Kevin Schofield
GM Microsoft Research
Microsoft Research is trying to advance state of the art. Yep. Sounds like a good plan.
XBox live true skill - monitor players to allow for matching players of like skill
This idea I like. Depending on how well they match up players. It would be interesting if they were to make sure that you had a comparable style and also mixed things up. I am a pretty good player of StarCraft, but I am a sucker for a well executed Zerg rush. If it just watched how I played from an overall execution perspective, I don't know if it would understand the rush strategy causes me issues. Also, I would want to play games with similar people sometimes, and much harder people other times. Nothing raises your game more than competing against a top person.
He wants to bring computers up to what humans are doing now. Things we are manually doing using computers will hopefully be replaced by the computer taking care of it.

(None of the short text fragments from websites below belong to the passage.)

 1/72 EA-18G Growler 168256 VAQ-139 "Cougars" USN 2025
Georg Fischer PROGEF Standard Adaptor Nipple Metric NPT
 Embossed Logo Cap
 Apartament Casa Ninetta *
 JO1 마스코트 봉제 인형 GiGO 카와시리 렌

They have invested a lot of money in automating IE. They drive IE all around the web using Strider Black Box Crawler. It is actually driving IE, so it looks like IE to the websites that it is scanning. Since some sites change their responses based on the client that is walking them. Since this is a controlled environment, any modifications on the local system are an exploit. They have heavily instrumented the system to make sure that they can track where an exploit came from and how it worked. This allows them to catch exploits as soon as possible. They are also crawling the web with all patch leves for OS and IE.
Another analysis that he presented is the value in typo squatting for URLs. $7/year registration = 0.38 unique hits at a $.05 valuation per user to pay for a domain.

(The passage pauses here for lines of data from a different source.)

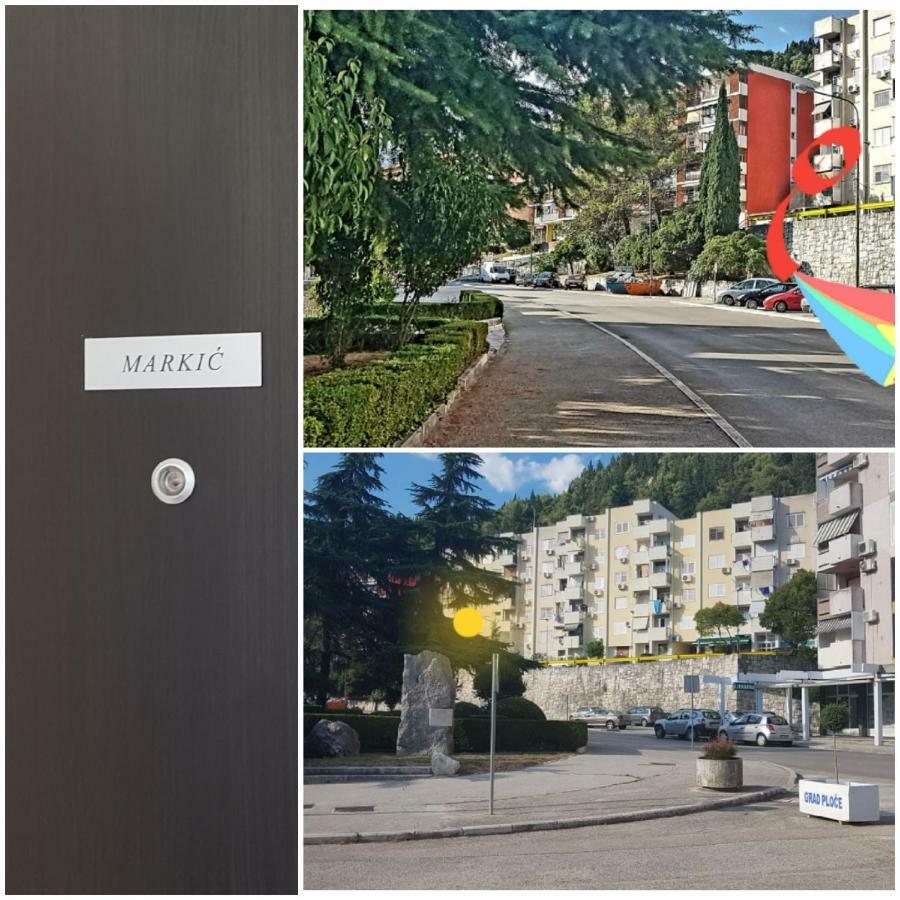 Apartment Tina โพลเช ภายนอก รูปภาพ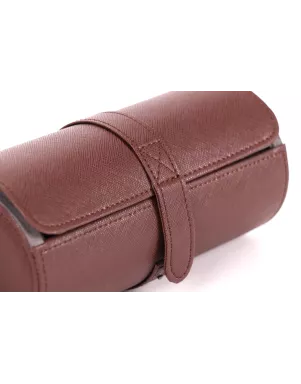 Кейс для зберігання годинників Salvadore PB/3502/3.DBR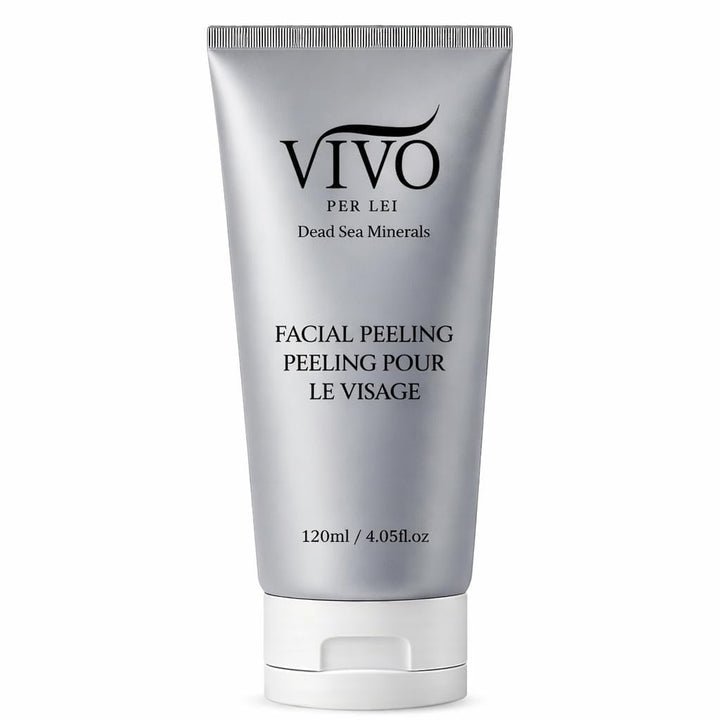 Vivo Per Lei front packaging showing bottle and brand for clear identification and trust
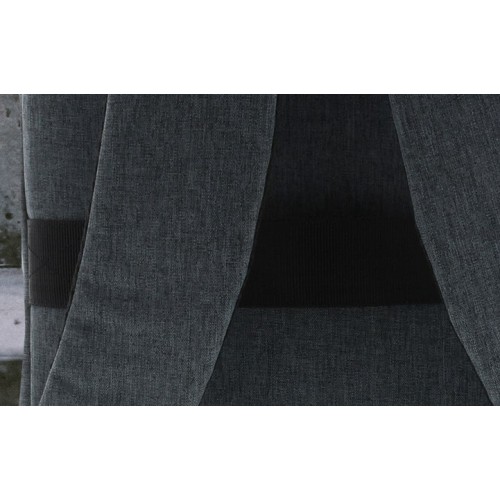 MOCHILA PARA NOTEBOOK XTECH XTB-221 15.6 LIBERPOOL COLOR DARK GRAY - Imagen 8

He had some very nice toys that he demonstrated. Two gigapixel images that you can pan around and zoom in on in real time. Imaging seeing all of San Francisco, and then relatively quickly going all the way in to see a baseball player on base. Very nice technology.

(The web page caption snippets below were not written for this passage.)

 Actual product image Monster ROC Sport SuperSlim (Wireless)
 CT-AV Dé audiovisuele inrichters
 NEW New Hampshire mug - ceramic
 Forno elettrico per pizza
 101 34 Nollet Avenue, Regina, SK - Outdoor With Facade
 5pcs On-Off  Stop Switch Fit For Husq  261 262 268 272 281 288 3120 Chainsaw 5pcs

He had a great demo of some very early technology that can be trained to recognize objects on a static background. This was a pretty cool system that was recognizing things like phones, keys, rulers, cups, ... when they were placed in the field of view. It was still really early, but it was made of off the shelf parts and worked pretty quickly and well.
Fun fact: On the curve of power density, the Pentium CPU is greater than that of a nuclear reactor. It is getting close to the exhaust of a rocket. At some point, we need really big heat sinks, or we need to spread out to farms of cooler CPUs. Infinite power density is not a good option.
He also mentioned that Vista had 100 Million lines of code. Anybody sleeping better?